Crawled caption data
——————

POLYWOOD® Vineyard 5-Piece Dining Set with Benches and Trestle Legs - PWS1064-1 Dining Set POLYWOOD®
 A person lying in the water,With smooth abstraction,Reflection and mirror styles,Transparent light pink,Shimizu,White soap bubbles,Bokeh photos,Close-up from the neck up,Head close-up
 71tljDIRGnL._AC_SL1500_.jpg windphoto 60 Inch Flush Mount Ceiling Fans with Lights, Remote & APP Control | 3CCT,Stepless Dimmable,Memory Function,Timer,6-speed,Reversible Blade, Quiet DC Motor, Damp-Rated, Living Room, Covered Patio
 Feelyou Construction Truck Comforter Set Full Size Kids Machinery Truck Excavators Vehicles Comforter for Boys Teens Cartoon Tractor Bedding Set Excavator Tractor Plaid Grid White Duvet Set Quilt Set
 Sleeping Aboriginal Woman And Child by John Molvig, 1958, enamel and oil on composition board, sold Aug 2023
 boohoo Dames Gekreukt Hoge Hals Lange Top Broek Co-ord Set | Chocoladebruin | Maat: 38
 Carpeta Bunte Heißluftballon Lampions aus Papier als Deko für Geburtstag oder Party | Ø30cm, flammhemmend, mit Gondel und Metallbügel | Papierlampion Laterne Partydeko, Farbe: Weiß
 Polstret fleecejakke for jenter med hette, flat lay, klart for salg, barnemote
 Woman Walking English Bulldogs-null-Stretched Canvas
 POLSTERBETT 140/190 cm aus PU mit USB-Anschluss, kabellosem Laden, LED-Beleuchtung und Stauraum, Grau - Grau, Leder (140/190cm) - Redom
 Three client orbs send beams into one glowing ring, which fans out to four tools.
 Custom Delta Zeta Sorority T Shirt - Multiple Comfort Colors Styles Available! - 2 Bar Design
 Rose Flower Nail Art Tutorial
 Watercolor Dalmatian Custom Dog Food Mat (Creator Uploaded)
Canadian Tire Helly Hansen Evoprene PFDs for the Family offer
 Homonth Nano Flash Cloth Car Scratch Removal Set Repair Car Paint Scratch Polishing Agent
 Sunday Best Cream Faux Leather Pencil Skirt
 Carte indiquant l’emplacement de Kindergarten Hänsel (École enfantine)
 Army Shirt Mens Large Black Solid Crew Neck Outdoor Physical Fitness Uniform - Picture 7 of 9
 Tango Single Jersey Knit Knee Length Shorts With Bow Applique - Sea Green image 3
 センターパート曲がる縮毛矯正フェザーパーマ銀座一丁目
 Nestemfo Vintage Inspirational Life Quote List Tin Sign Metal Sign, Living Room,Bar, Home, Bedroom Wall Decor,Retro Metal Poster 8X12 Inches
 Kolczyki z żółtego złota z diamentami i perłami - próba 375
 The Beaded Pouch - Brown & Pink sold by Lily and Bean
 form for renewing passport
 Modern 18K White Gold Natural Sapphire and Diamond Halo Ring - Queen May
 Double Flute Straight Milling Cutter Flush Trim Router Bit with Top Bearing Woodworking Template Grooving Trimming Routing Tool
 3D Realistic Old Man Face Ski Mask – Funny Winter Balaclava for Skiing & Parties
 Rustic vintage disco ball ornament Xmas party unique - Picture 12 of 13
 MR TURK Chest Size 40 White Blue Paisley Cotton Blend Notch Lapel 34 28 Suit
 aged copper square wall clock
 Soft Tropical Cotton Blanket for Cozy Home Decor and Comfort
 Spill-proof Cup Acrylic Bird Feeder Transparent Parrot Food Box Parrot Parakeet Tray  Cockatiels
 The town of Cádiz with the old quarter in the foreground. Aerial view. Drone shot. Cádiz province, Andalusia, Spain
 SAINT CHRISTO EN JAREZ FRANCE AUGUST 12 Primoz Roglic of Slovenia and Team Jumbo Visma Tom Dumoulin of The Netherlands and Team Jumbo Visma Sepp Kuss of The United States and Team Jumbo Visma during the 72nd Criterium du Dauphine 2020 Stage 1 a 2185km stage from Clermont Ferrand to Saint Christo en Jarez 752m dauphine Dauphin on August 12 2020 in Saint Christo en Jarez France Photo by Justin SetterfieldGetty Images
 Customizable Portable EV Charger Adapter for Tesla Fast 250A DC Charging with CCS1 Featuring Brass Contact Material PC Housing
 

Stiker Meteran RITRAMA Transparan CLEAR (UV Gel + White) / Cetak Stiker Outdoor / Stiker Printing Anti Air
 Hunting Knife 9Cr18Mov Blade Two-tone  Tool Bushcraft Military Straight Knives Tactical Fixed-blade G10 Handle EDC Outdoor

——————

Requirement.
An exact copy of the lines from the one containing "Nestemfo Vintage Inspirational" through the end of the data above is the whole answer.

Written solution.
 Nestemfo Vintage Inspirational Life Quote List Tin Sign Metal Sign, Living Room,Bar, Home, Bedroom Wall Decor,Retro Metal Poster 8X12 Inches
 Kolczyki z żółtego złota z diamentami i perłami - próba 375
 The Beaded Pouch - Brown & Pink sold by Lily and Bean
 form for renewing passport
 Modern 18K White Gold Natural Sapphire and Diamond Halo Ring - Queen May
 Double Flute Straight Milling Cutter Flush Trim Router Bit with Top Bearing Woodworking Template Grooving Trimming Routing Tool
 3D Realistic Old Man Face Ski Mask – Funny Winter Balaclava for Skiing & Parties
 Rustic vintage disco ball ornament Xmas party unique - Picture 12 of 13
 MR TURK Chest Size 40 White Blue Paisley Cotton Blend Notch Lapel 34 28 Suit
 aged copper square wall clock
 Soft Tropical Cotton Blanket for Cozy Home Decor and Comfort
 Spill-proof Cup Acrylic Bird Feeder Transparent Parrot Food Box Parrot Parakeet Tray  Cockatiels
 The town of Cádiz with the old quarter in the foreground. Aerial view. Drone shot. Cádiz province, Andalusia, Spain
 SAINT CHRISTO EN JAREZ FRANCE AUGUST 12 Primoz Roglic of Slovenia and Team Jumbo Visma Tom Dumoulin of The Netherlands and Team Jumbo Visma Sepp Kuss of The United States and Team Jumbo Visma during the 72nd Criterium du Dauphine 2020 Stage 1 a 2185km stage from Clermont Ferrand to Saint Christo en Jarez 752m dauphine Dauphin on August 12 2020 in Saint Christo en Jarez France Photo by Justin SetterfieldGetty Images
 Customizable Portable EV Charger Adapter for Tesla Fast 250A DC Charging with CCS1 Featuring Brass Contact Material PC Housing
 

Stiker Meteran RITRAMA Transparan CLEAR (UV Gel + White) / Cetak Stiker Outdoor / Stiker Printing Anti Air
 Hunting Knife 9Cr18Mov Blade Two-tone  Tool Bushcraft Military Straight Knives Tactical Fixed-blade G10 Handle EDC Outdoor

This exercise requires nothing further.